News From "G Tro N," D.C.
First, to explain the title...
President George Bush was visiting a small business which makes waterproof computer equipment for medical use, when he had some problems typing. From the AP story:
"During the tour, Bush typed on a white keyboard immersed in a pan of water. He wrote: 'G Tro N was the first president.' Clifton Broumand, company president, joked that Bush, who apparently was trying to write 'George Washington was the first president,' might want to practice his typing."
In other news from "G Tro N," D.C., FEMA appears to have been taken over by laywers who care more about protecting the agency's rear end than about U.S. citizens' health.
This falls into the realm of shocking and disgusting. From the Washington Post story:
At a hearing this morning of the House Oversight and Government Reform Committee, investigators released internal e-mails indicating that FEMA lawyers rejected environmental testing out of fear that the agency would then become legally liable if health problems emerged among as many as 120,000 families displaced by Hurricane Katrina who lived in trailers.
FEMA's Office of General Counsel "has advised that we do not do testing," because this "would imply FEMA's ownership of this issue," wrote a FEMA logistics specialist on June 16, 2006, three months after news reports surfaced about the possible effects of the invisible cancer-causing compound and one month after the agency was sued.
Another FEMA attorney on June 15 advised, "[d]o not initiate any testing until we give the OK. . . . Once you get results and should they indicate some problem, the clock is running on our duty to respond to them."
Committee Chairman Henry L. Waxman (D-Calif.) called FEMA's bureaucratic neglect of storm victims "sickening."
Nearly 5,000 pages of documents turned over to the committee "expose an official policy of premeditated ignorance," Waxman charged. "Senior officials in Washington didn't want to know what they already knew, because they didn't want the legal and moral responsibility to do what they knew had to be done."
Rep. Thomas M. Davis III (R-Va.) said FEMA obstructed the 10-month committee investigation and "mischaracterized the scope and purpose" of the agency's actions.
"FEMA's reaction to the problem was deliberately stunted to bolster the agency's litigation position," Davis said. The documents "make it appear FEMA's primary concerns were legal liability and public relations, not human health and safety."
About 60,000 households affected by Katrina remain in trailers.
I agree with Waxman. It is sickening.
More news from Waxman's committee in "G Tro N" -- while looking into the Bush White House politicizing everything they touch, the Office of National Drug Control Policy (ONDCP) is now under the magnifying glass for making appearances at Republican campaign events in 2006. While the whole thing may wind up being nothing more than a tempest in a teapot, there was one telling quote buried in the story. Telling, because Republicans so often whine about the "elitism" of the "elitist" Democrats.

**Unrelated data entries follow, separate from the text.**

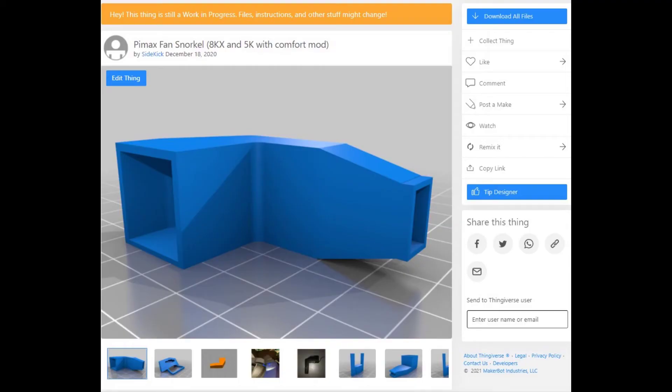I provided links below for the Pimax Fan Snorkel Kit on the Thingiverse site, so you can download all the different files that you can 3D print. I also have a link to the discussion page on the Pimax forum.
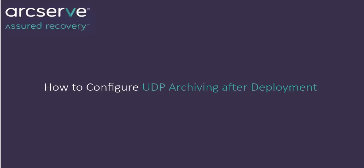After completing deployment, SuperAdmin needs to configure ArcServe UDP archiving as per company's requirement. To start email archiving, you need to configure UDP archiving and your email service. In this video, we will describe how to configure ArcServe UDP archiving.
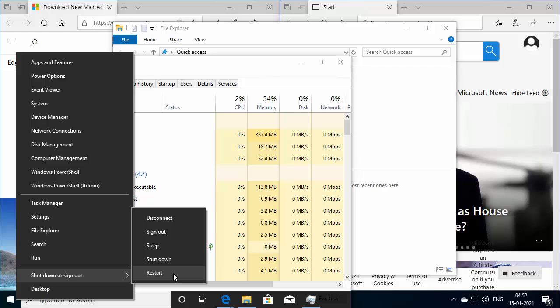Now if your start button is not responding to any click, then the only option is to press and hold the power button for some time and it will power off the computer, and then you can power on your computer again. So these are some of the approaches to unfreeze your computer.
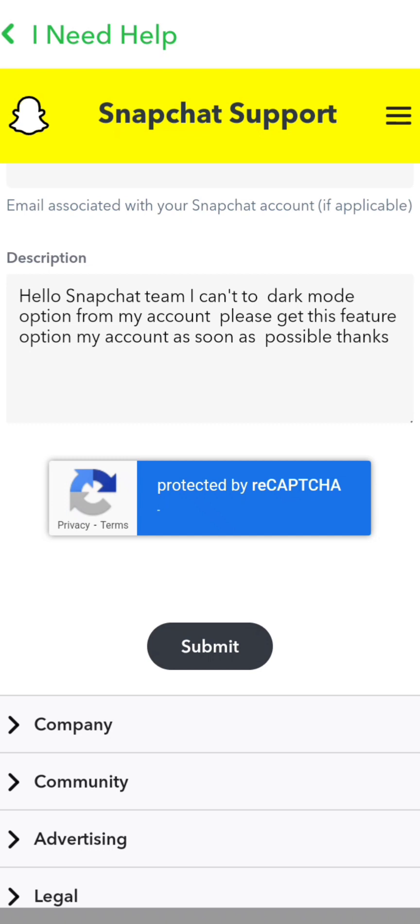Write in the description: 'Hello Snapchat team, I can't access the dark mode option from my account, please add this feature to my account as soon as possible, thanks.' Then scroll down to find the 'Submit' option and tap on it. After submitting, you will receive a positive message from the Snapchat team.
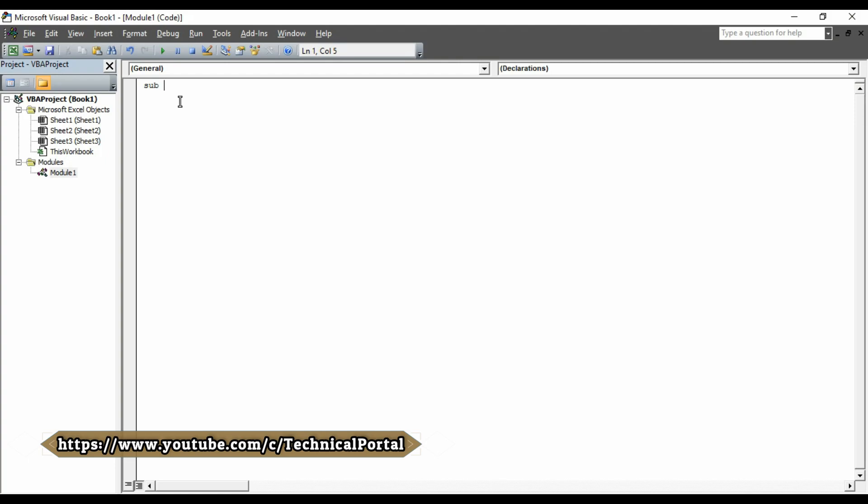So here, at first, sub, then we have to give our subject name, that we will give our name as Hide Worksheet. Then simply open and close the bracket and hit enter button. Look at here, you can see here, the S has been capitalized and End Sub has been entered automatically.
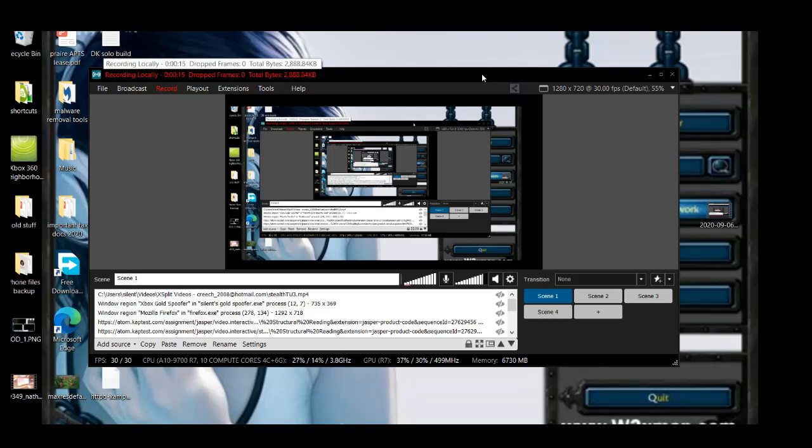This one's going to be pretty short than my usual videos. This build that I made is designed so you can host it from your internet, so you can use it at home.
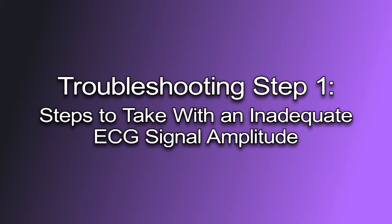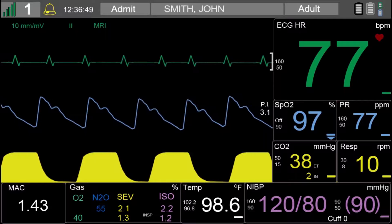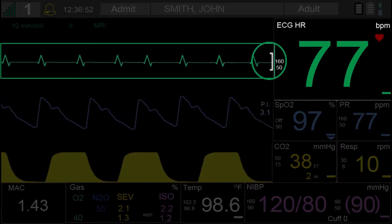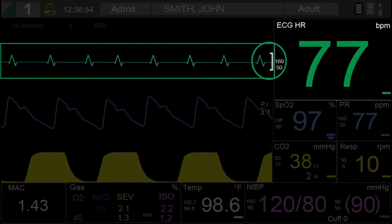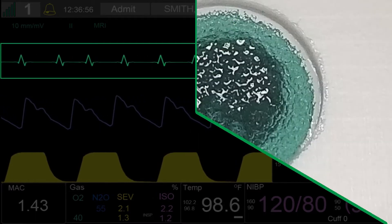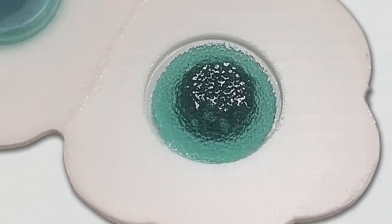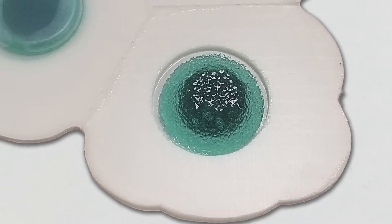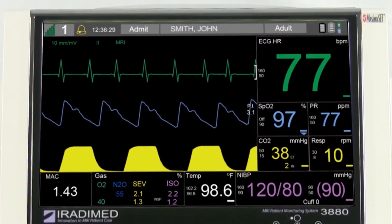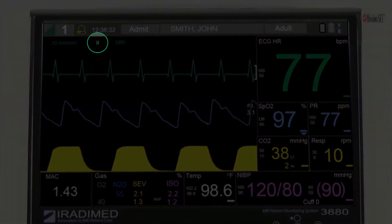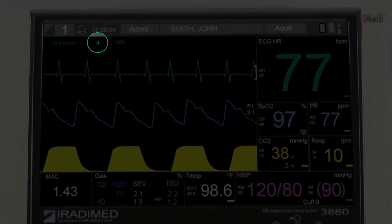Troubleshooting Step 1: Steps to take with inadequate ECG signal amplitude. If the ECG QRS amplitude is less than the signal quality indicator height, the user will check to make sure the electrodes being used are within the expiration date and the contact sponge is completely saturated with gel. Select a different lead view on the 3880, as leads 1, 2, and 5 tend to have the highest QRS amplitudes.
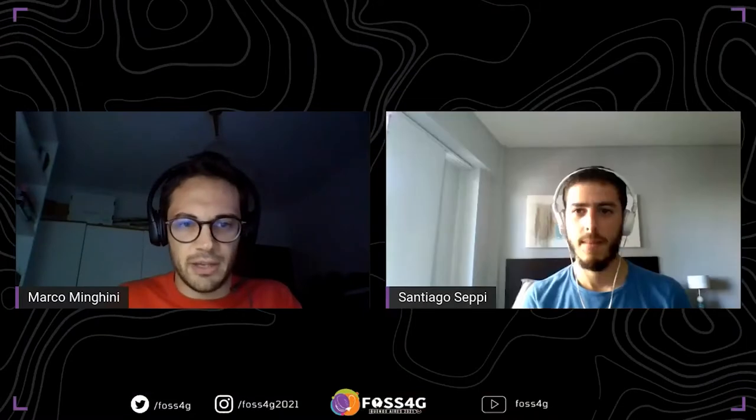Good morning, or good afternoon, or good evening to everyone depending on where you are. My name is Marco Minghini, I'm from Italy. I have the pleasure to chair this session for the academic track. We will have a lot of exciting talks and it's my pleasure to introduce the first speakers.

Here's the White House liaison for the ONDCP, showing what non-elitists the Republicans are:
"The director [of the ONDCP] and the deputies deserve the most recognition because they actually had to give up time with their families for the god awful places we sent them."
Middle America? "God awful places?" Bet that won't play in Peoria.
Speaking of things that won't play in Peoria, Larry Flynt's got a few more politicians in his sights, in his neverending battle against sexual hypocrisy in "G Tro N." Political Wire has the story.
Finally, I began this piece mocking Bush, so I will end by doing the same. Someone needs to take Bush aside and quietly explain to him that while "troops" is acceptible shorthand for "U.S. soldiers, sailors, Marines, and Guardsmen," the singular usage "troop" does not mean one person.
"A troop" is still a collective noun. It's like saying "a herd" or "a group." Different militaries define "troop" in different ways, the dictionary definition being:
Military. an armored cavalry or cavalry unit consisting of two or more platoons and a headquarters group.
Or (in European militaries) the equivalent to a U.S. platoon.
But check the dictionary listing if you don't believe me -- there is not one single definition or synonym listed that is a singular noun. They're all collective nouns.
Now here's President Bush from his press conference last week (and this isn't the first time he's made this mistake):
People don't want our troops in harm's way if that which we are trying to achieve can't be accomplished. I feel the same way. I cannot look a mother and father of a troop in the eye and say, I'm sending your kid into combat, but I don't think we can achieve the objective. I wouldn't do that to a parent or a husband or wife of a soldier.